Materials and Methods

This section describes the process of data acquisition and methods of scanpath comparisons. Eye movements were recorded with and without a preference selection task, and the raw gaze data were processed into continuous scanpaths. Pairwise comparisons were performed on scanpaths of each stimulus, and recording time intervals between scanpath pairs were defined. More information regarding the scanpath comparisons can be found in the Supplementary Text.

Subjects

The purpose and every process in the experiment were approved by the KAIST Institutional Review Board. All methods were performed in accordance with the relevant guidelines and regulations, and written informed consent was obtained from every subject. Twenty-seven subjects (fifteen males and twelve females), who do not need glasses or feel comfortable with contact lenses and do not have any history of mental disorders, were selected for the experiment from a pool of university student applicants. The ages of those selected ranged from 20 to 30 with an average age of 23.2 years (s.d. = 3.07). The subjects were electronically paid after each participation in the experiment.

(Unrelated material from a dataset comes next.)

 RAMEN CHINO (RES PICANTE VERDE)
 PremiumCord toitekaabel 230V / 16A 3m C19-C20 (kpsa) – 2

Since the purpose of this research is observing the idiosyncrasies of individuals and their temporal consistencies, each subject had to repeatedly participate in the experiment on separate days. We prespecified a sample size of at least 25 participants with at least three repetitions. These determinations were made on the basis of time, resources, and labour constraints, without the use of power analysis.

Visual stimuli

Images of various categories were collected from the Internet, Facial Recognition Technology database29, ImageNet database30, and photographs that an author took. Additionally, three different self-images were collected from each subject and added to the library. In total, 440 images were gathered for the experiment (and divided into rough categories in Supplementary Table S1). The unique focal object or face in every selected image was larger than 250 × 250 pixels. All images were cropped around focal objects or faces and resized to 350 × 350 pixels. Colours were removed, and illumination was controlled to reduce the saliency effect, which can attract subjects’ bottom-up attention.

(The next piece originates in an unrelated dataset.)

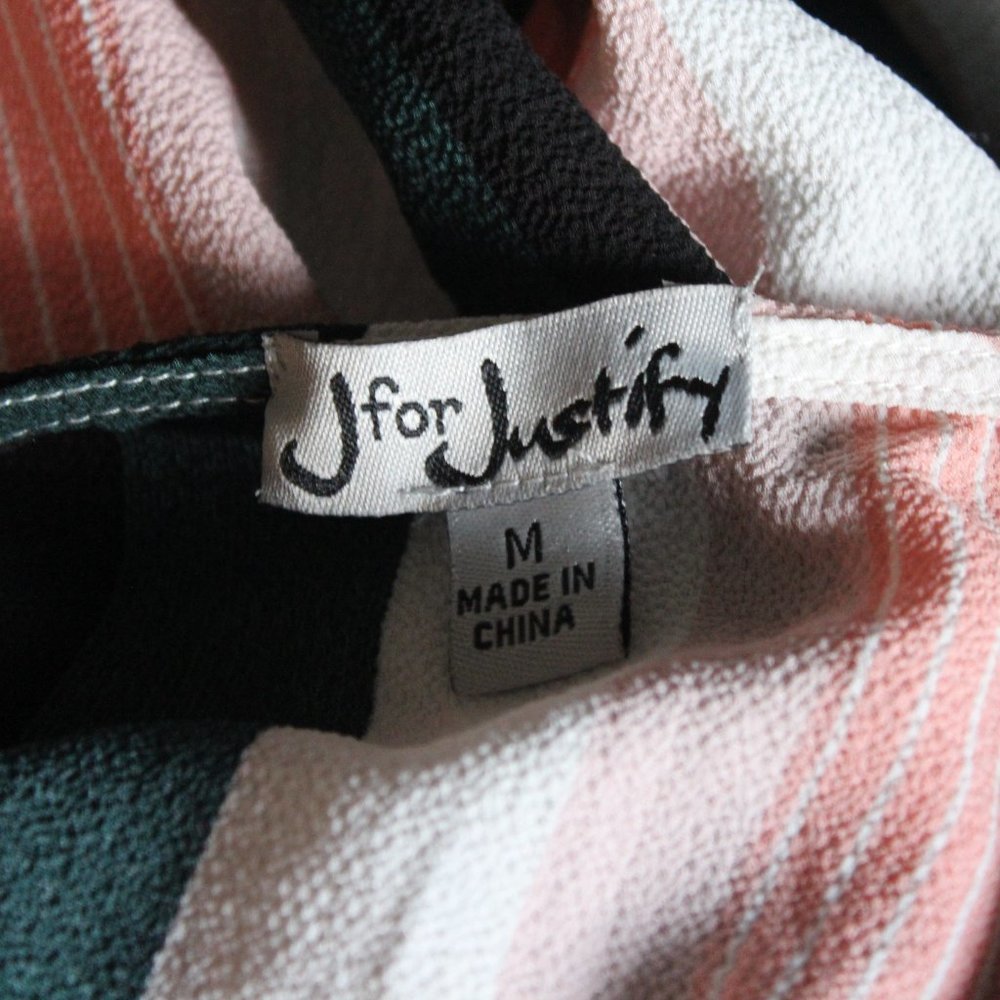 J For Justify Dress - Picture 8 of 8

Sets of four different images were randomly assembled, with each constituting one image set. However, three self-images from the same subject were included in three different image sets. Each set of images was arranged on an 800 × 800-pixel black background with one image at each corner, and a yellow fixation cross was placed at the centre. From the library of 440 images, 110 unique image sets were created (two example image sets are shown in Fig. 1). Image sets were presented on a 23-inch (~59 cm diagonal) monitor with pixel resolution set at 1680 × 1050. The width (23 cm) and length (23 cm) of each image set subtended approximately 22° × 22° of the visual angle for a subject sitting approximately 60 cm away from the monitor. Similar experimental settings are commonly used in studies on eye movements31. The pixel area occupied by each different image within an image set was defined as a separate AOI. As the effective human visual angle is typically up to 30°32, subjects were expected to be simultaneously visually aware of all four AOIs of an image set at the start of a trial, and their eye gaze was predicted to spontaneously move from the fixation point to anywhere in this visual field during the exposure period (2 s).

Figure 1
figure 1

Overall procedure of the experiment. (a) Organization of Free and Task sessions for each subject. Sessions were named according to the week of recording and the type of session. The same 110 image sets were presented in a different order in each session. (b) A trial in a Free session. An image set was presented in a trial. A subject observed each image set with no task in Free sessions. (c) A trial in a Task session. After observing an image set, a subject had to choose their favourite image.

Apparatus

A Tobii × 120 table-mounted eye tracker (Tobii Technology AB, Sweden) with an accuracy of 0.5° and a sampling rate of 120 Hz was used for the experiment33. Every session started after calibration to attune the equipment to each subject’s ocular characteristics and accurately calculate the gaze positions. The calibration was repeated until the calibration error was less than 2°.

Experimental procedure

For each subject, the experiment was repeated on three experimental days with a one-week interval between each day. Four sessions were recorded each day with a short break (about five minutes) between the second and third session. In total, there were twelve sessions of recordings over three weeks for each subject. There were two types of sessions: “Free (viewing) sessions”, where the subjects were asked to observe the stimuli freely, and “Task sessions,” where the subjects had to choose a favourite image from each image set. Free sessions and Task sessions were administered on an alternating basis. Sessions were named according to when they were recorded and by the type of session (e.g., the first Free session recorded in the third week is W3F1 for each subject) (Fig. 1a).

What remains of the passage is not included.